Data for the task —
BEGIN

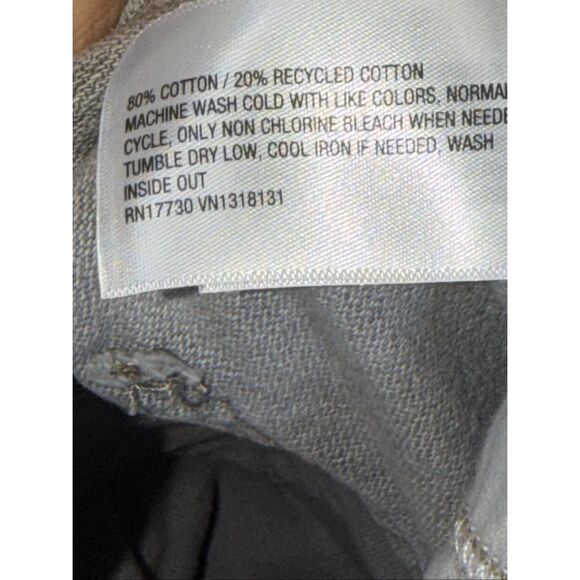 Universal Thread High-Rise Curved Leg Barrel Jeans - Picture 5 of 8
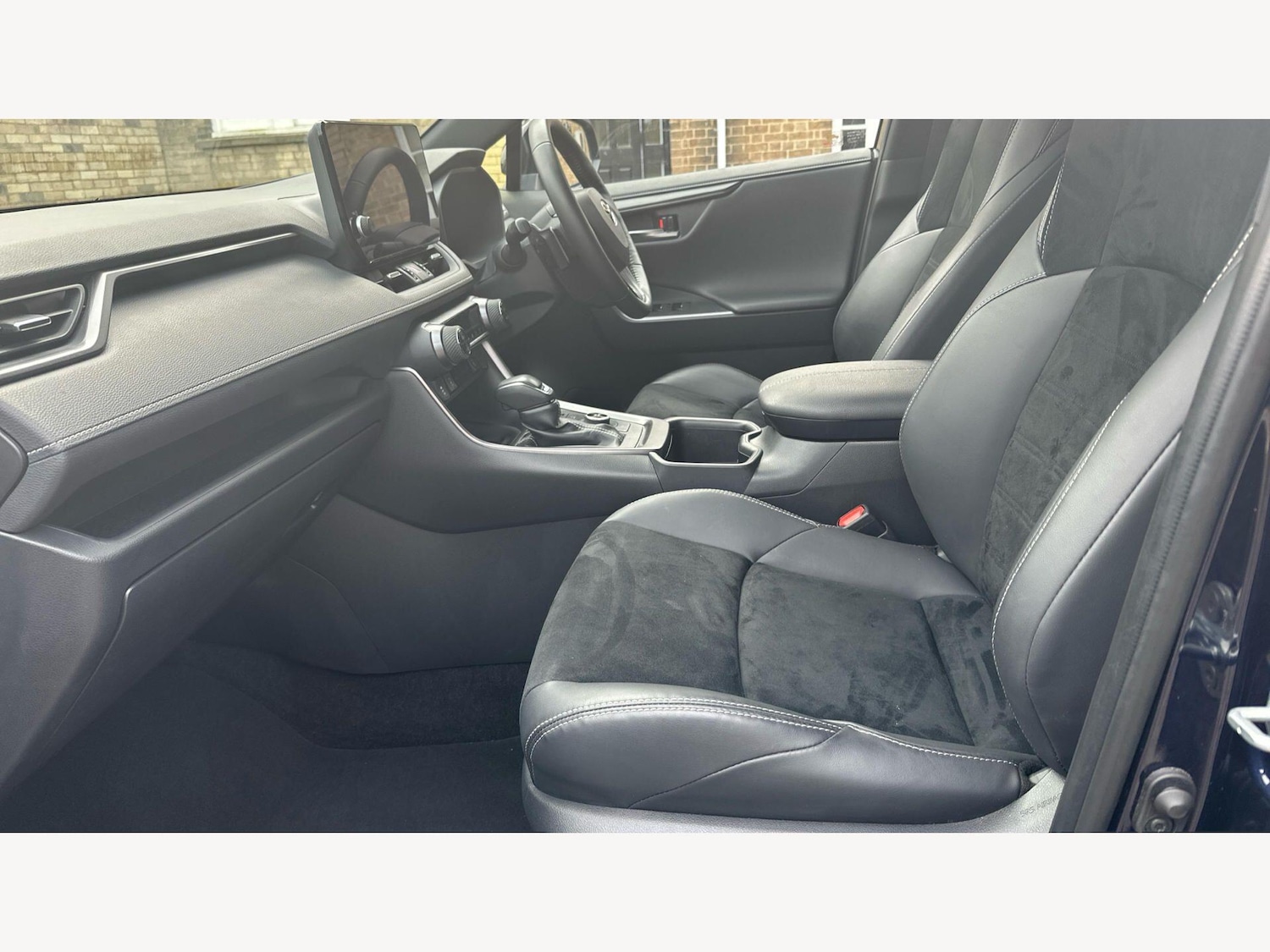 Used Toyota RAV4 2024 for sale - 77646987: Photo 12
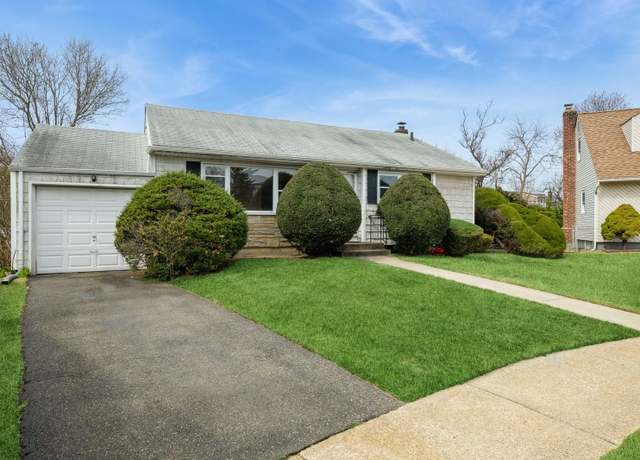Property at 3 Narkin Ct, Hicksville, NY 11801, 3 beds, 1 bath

END
BEGIN

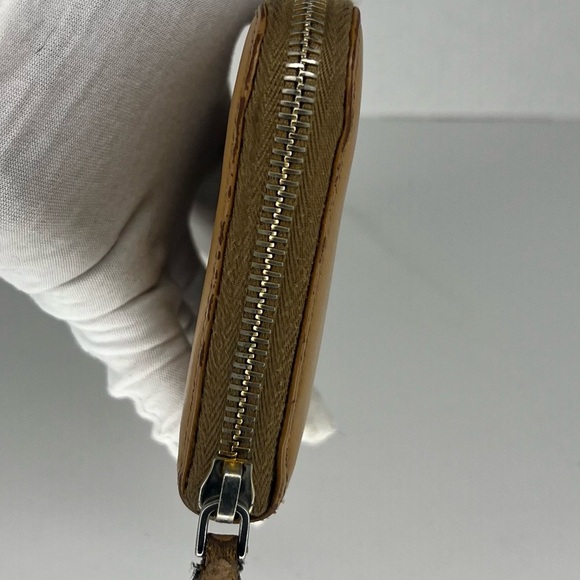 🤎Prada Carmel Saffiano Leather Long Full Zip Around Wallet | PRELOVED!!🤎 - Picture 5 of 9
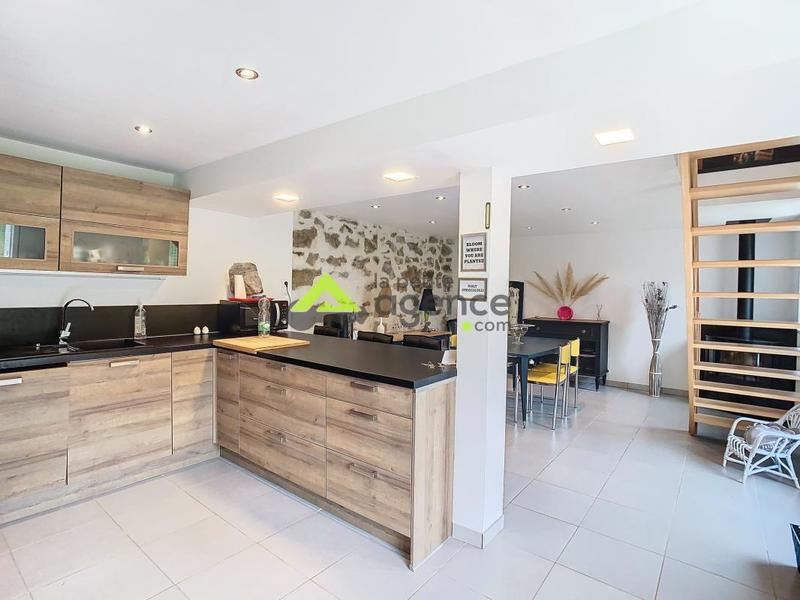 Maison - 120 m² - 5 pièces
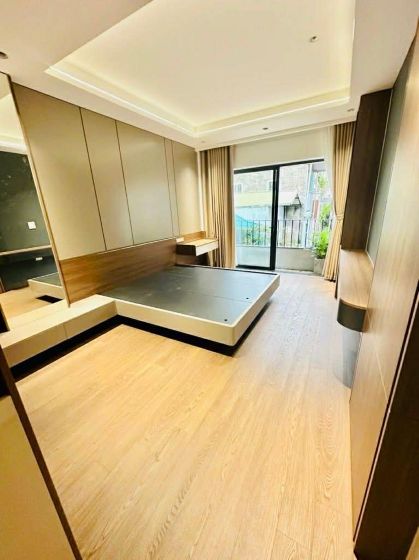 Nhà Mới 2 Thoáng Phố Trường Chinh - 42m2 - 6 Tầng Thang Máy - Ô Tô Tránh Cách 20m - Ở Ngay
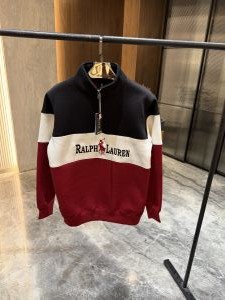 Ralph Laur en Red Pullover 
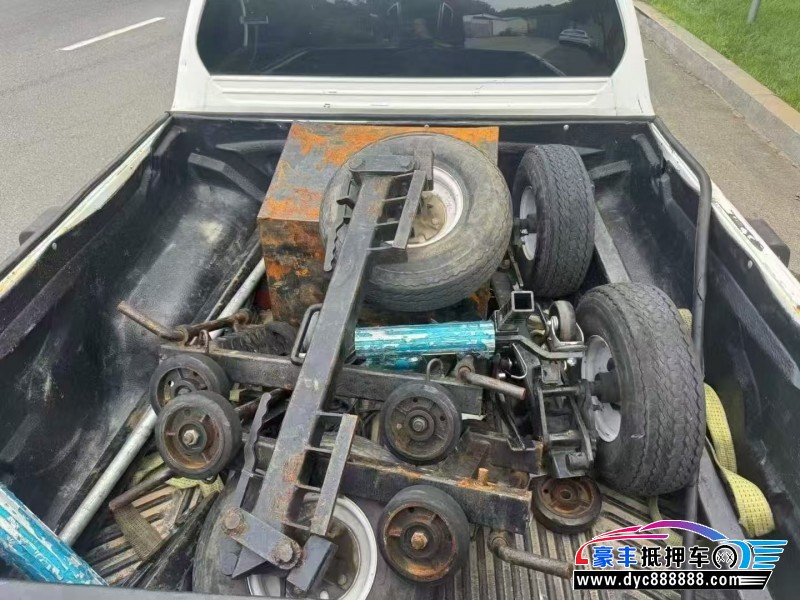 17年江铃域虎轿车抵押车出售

END

Activity — Range to copy from the listing above: the line with "Maison - 120 m² - 5 pièces" through the line with "17年江铃域虎轿车抵押车出售". Transcribe it exactly and skip the pictures.

Written solution —
 Maison - 120 m² - 5 pièces
 Nhà Mới 2 Thoáng Phố Trường Chinh - 42m2 - 6 Tầng Thang Máy - Ô Tô Tránh Cách 20m - Ở Ngay
 Ralph Laur en Red Pullover 
 17年江铃域虎轿车抵押车出售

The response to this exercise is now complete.